§ **Records for this exercise**:
-------------------------

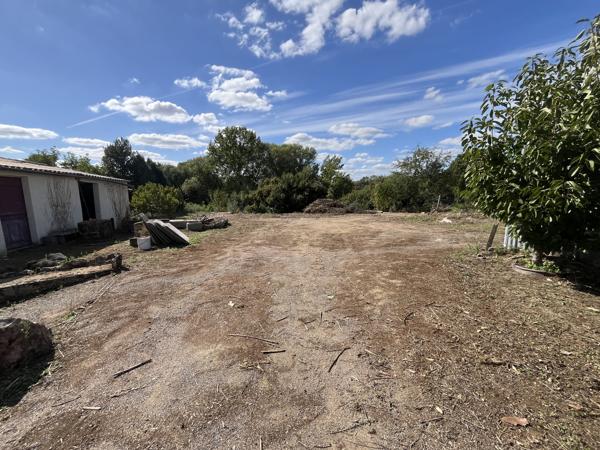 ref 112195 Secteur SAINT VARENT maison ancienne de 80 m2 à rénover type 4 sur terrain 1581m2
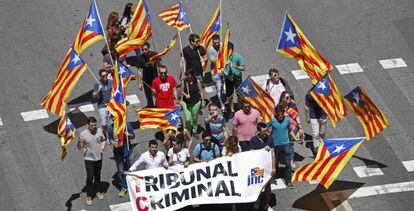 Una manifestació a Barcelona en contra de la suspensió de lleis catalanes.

-------------------------

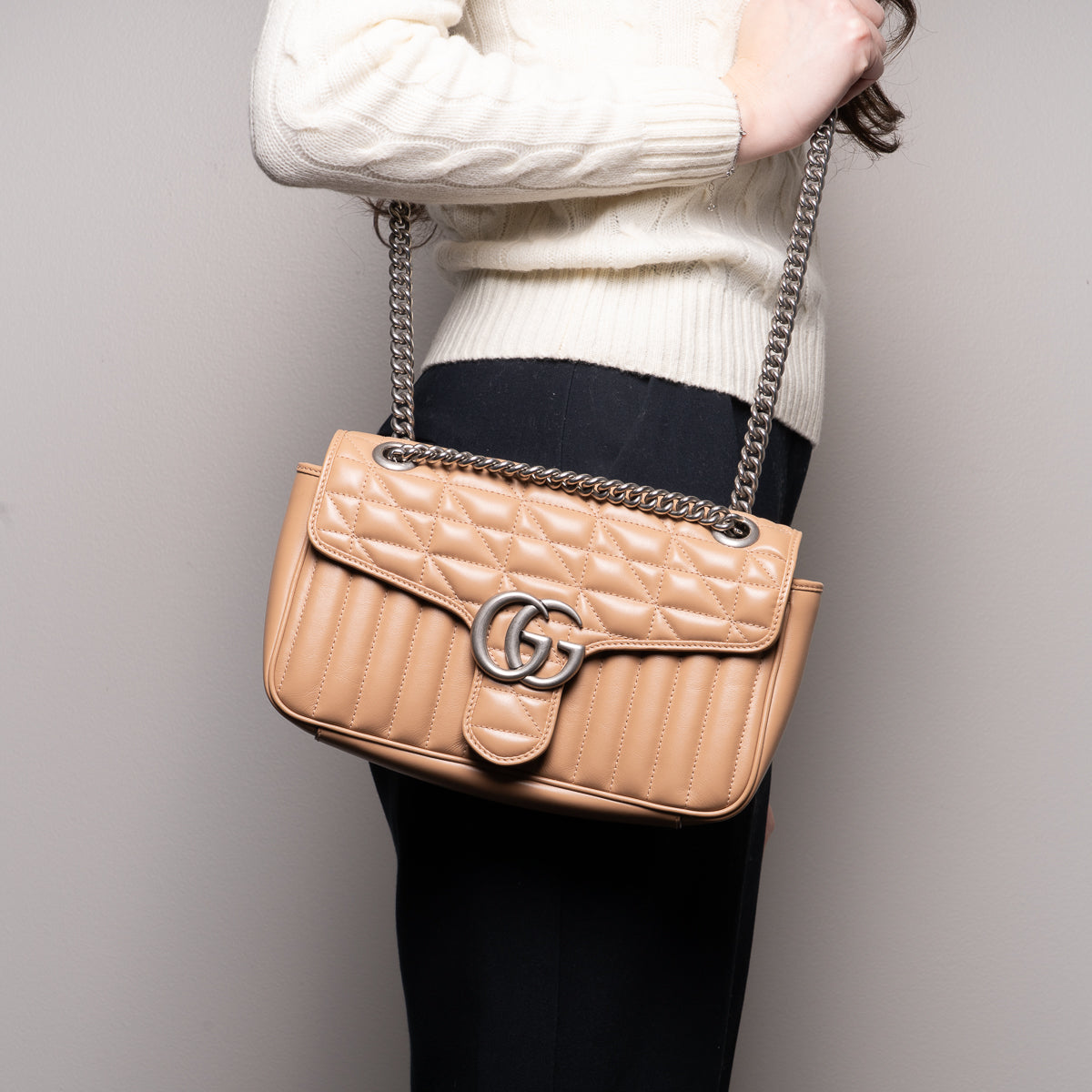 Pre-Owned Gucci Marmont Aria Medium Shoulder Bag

-------------------------

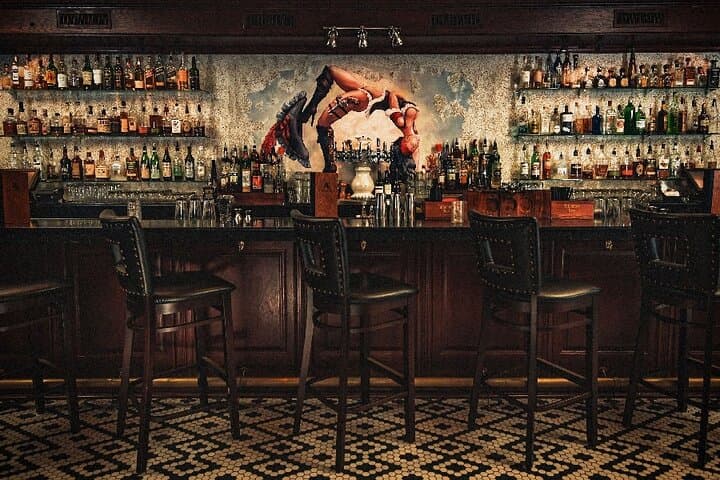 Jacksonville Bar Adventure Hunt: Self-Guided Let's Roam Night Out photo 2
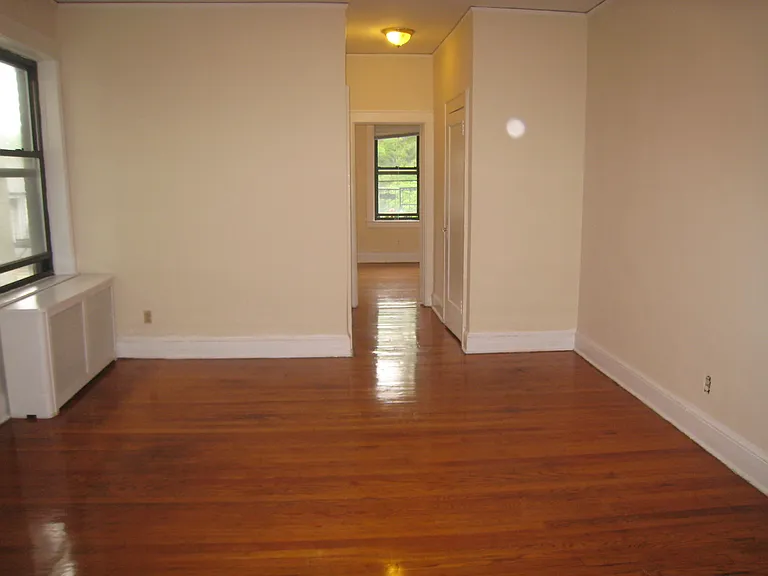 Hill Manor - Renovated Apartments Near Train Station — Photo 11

-------------------------

§ **Work instruction**:
Word for word, write out the lines above running from the one with "ref 112195 Secteur" up to and including the one with "Una manifestació a". Drop any picture.

§ **Output of the exercise**:
 ref 112195 Secteur SAINT VARENT maison ancienne de 80 m2 à rénover type 4 sur terrain 1581m2
 Una manifestació a Barcelona en contra de la suspensió de lleis catalanes.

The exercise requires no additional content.